## TASK DESCRIPTION
Without changing a single word, write out every entry.

## DATA TO EXAMINE
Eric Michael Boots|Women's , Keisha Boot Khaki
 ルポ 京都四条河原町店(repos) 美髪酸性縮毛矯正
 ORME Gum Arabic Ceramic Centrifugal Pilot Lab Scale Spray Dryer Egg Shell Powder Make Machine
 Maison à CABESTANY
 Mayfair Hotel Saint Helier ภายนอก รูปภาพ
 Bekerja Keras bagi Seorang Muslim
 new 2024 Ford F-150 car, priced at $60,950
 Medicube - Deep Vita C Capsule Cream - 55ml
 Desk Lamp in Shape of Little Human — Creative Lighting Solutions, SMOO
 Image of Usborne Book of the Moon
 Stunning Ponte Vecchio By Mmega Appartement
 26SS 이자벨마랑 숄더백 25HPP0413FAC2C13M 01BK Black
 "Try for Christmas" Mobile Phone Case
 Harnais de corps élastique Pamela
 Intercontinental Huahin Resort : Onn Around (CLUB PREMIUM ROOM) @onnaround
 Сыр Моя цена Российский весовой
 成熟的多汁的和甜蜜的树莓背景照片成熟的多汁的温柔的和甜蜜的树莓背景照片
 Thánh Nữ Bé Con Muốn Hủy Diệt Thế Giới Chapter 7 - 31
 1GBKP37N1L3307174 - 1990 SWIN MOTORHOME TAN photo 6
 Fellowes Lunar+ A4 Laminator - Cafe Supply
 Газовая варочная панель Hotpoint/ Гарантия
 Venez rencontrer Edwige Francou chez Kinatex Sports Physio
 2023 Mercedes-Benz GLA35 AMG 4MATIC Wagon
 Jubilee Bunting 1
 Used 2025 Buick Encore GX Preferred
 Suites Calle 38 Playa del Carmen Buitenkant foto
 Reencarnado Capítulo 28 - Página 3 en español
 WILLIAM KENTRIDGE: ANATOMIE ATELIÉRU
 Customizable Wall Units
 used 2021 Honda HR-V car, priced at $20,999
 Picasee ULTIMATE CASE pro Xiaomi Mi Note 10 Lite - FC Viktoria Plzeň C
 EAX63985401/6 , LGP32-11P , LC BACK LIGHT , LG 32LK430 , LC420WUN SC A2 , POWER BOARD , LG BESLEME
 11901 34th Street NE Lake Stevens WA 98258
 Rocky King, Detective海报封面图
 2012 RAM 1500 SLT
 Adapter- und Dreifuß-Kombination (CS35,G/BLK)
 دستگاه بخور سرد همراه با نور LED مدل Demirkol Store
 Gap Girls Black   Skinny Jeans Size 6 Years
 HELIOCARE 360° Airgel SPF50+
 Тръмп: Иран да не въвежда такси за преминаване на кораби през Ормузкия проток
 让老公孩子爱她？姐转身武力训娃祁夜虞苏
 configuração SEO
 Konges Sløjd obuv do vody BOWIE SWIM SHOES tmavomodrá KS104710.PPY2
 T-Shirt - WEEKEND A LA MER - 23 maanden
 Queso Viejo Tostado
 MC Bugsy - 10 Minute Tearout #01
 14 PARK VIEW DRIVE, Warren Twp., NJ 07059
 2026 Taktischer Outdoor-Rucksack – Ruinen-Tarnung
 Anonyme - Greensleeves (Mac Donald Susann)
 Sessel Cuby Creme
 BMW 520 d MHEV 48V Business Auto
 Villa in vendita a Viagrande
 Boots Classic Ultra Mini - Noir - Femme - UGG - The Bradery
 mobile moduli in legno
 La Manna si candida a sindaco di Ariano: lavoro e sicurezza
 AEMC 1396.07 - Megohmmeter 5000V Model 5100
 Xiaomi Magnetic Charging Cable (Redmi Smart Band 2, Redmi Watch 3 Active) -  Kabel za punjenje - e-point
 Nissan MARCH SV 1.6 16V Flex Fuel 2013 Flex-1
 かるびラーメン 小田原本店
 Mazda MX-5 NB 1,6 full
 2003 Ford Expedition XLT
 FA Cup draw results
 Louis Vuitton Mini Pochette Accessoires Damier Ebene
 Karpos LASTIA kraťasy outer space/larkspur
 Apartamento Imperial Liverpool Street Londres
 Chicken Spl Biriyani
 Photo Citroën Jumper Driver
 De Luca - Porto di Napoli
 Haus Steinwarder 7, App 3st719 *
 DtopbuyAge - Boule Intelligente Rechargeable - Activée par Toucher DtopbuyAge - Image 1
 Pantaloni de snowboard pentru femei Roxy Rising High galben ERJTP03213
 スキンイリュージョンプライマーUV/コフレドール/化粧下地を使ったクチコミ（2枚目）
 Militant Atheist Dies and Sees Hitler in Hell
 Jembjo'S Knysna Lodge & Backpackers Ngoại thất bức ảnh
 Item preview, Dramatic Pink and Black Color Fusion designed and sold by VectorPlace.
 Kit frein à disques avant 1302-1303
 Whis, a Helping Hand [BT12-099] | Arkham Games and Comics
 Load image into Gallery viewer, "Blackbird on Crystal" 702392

## ANSWER BELOW
Eric Michael Boots|Women's , Keisha Boot Khaki
 ルポ 京都四条河原町店(repos) 美髪酸性縮毛矯正
 ORME Gum Arabic Ceramic Centrifugal Pilot Lab Scale Spray Dryer Egg Shell Powder Make Machine
 Maison à CABESTANY
 Mayfair Hotel Saint Helier ภายนอก รูปภาพ
 Bekerja Keras bagi Seorang Muslim
 new 2024 Ford F-150 car, priced at $60,950
 Medicube - Deep Vita C Capsule Cream - 55ml
 Desk Lamp in Shape of Little Human — Creative Lighting Solutions, SMOO
 Image of Usborne Book of the Moon
 Stunning Ponte Vecchio By Mmega Appartement
 26SS 이자벨마랑 숄더백 25HPP0413FAC2C13M 01BK Black
 "Try for Christmas" Mobile Phone Case
 Harnais de corps élastique Pamela
 Intercontinental Huahin Resort : Onn Around (CLUB PREMIUM ROOM) @onnaround
 Сыр Моя цена Российский весовой
 成熟的多汁的和甜蜜的树莓背景照片成熟的多汁的温柔的和甜蜜的树莓背景照片
 Thánh Nữ Bé Con Muốn Hủy Diệt Thế Giới Chapter 7 - 31
 1GBKP37N1L3307174 - 1990 SWIN MOTORHOME TAN photo 6
 Fellowes Lunar+ A4 Laminator - Cafe Supply
 Газовая варочная панель Hotpoint/ Гарантия
 Venez rencontrer Edwige Francou chez Kinatex Sports Physio
 2023 Mercedes-Benz GLA35 AMG 4MATIC Wagon
 Jubilee Bunting 1
 Used 2025 Buick Encore GX Preferred
 Suites Calle 38 Playa del Carmen Buitenkant foto
 Reencarnado Capítulo 28 - Página 3 en español
 WILLIAM KENTRIDGE: ANATOMIE ATELIÉRU
 Customizable Wall Units
 used 2021 Honda HR-V car, priced at $20,999
 Picasee ULTIMATE CASE pro Xiaomi Mi Note 10 Lite - FC Viktoria Plzeň C
 EAX63985401/6 , LGP32-11P , LC BACK LIGHT , LG 32LK430 , LC420WUN SC A2 , POWER BOARD , LG BESLEME
 11901 34th Street NE Lake Stevens WA 98258
 Rocky King, Detective海报封面图
 2012 RAM 1500 SLT
 Adapter- und Dreifuß-Kombination (CS35,G/BLK)
 دستگاه بخور سرد همراه با نور LED مدل Demirkol Store
 Gap Girls Black   Skinny Jeans Size 6 Years
 HELIOCARE 360° Airgel SPF50+
 Тръмп: Иран да не въвежда такси за преминаване на кораби през Ормузкия проток
 让老公孩子爱她？姐转身武力训娃祁夜虞苏
 configuração SEO
 Konges Sløjd obuv do vody BOWIE SWIM SHOES tmavomodrá KS104710.PPY2
 T-Shirt - WEEKEND A LA MER - 23 maanden
 Queso Viejo Tostado
 MC Bugsy - 10 Minute Tearout #01
 14 PARK VIEW DRIVE, Warren Twp., NJ 07059
 2026 Taktischer Outdoor-Rucksack – Ruinen-Tarnung
 Anonyme - Greensleeves (Mac Donald Susann)
 Sessel Cuby Creme
 BMW 520 d MHEV 48V Business Auto
 Villa in vendita a Viagrande
 Boots Classic Ultra Mini - Noir - Femme - UGG - The Bradery
 mobile moduli in legno
 La Manna si candida a sindaco di Ariano: lavoro e sicurezza
 AEMC 1396.07 - Megohmmeter 5000V Model 5100
 Xiaomi Magnetic Charging Cable (Redmi Smart Band 2, Redmi Watch 3 Active) -  Kabel za punjenje - e-point
 Nissan MARCH SV 1.6 16V Flex Fuel 2013 Flex-1
 かるびラーメン 小田原本店
 Mazda MX-5 NB 1,6 full
 2003 Ford Expedition XLT
 FA Cup draw results
 Louis Vuitton Mini Pochette Accessoires Damier Ebene
 Karpos LASTIA kraťasy outer space/larkspur
 Apartamento Imperial Liverpool Street Londres
 Chicken Spl Biriyani
 Photo Citroën Jumper Driver
 De Luca - Porto di Napoli
 Haus Steinwarder 7, App 3st719 *
 DtopbuyAge - Boule Intelligente Rechargeable - Activée par Toucher DtopbuyAge - Image 1
 Pantaloni de snowboard pentru femei Roxy Rising High galben ERJTP03213
 スキンイリュージョンプライマーUV/コフレドール/化粧下地を使ったクチコミ（2枚目）
 Militant Atheist Dies and Sees Hitler in Hell
 Jembjo'S Knysna Lodge & Backpackers Ngoại thất bức ảnh
 Item preview, Dramatic Pink and Black Color Fusion designed and sold by VectorPlace.
 Kit frein à disques avant 1302-1303
 Whis, a Helping Hand [BT12-099] | Arkham Games and Comics
 Load image into Gallery viewer, "Blackbird on Crystal" 702392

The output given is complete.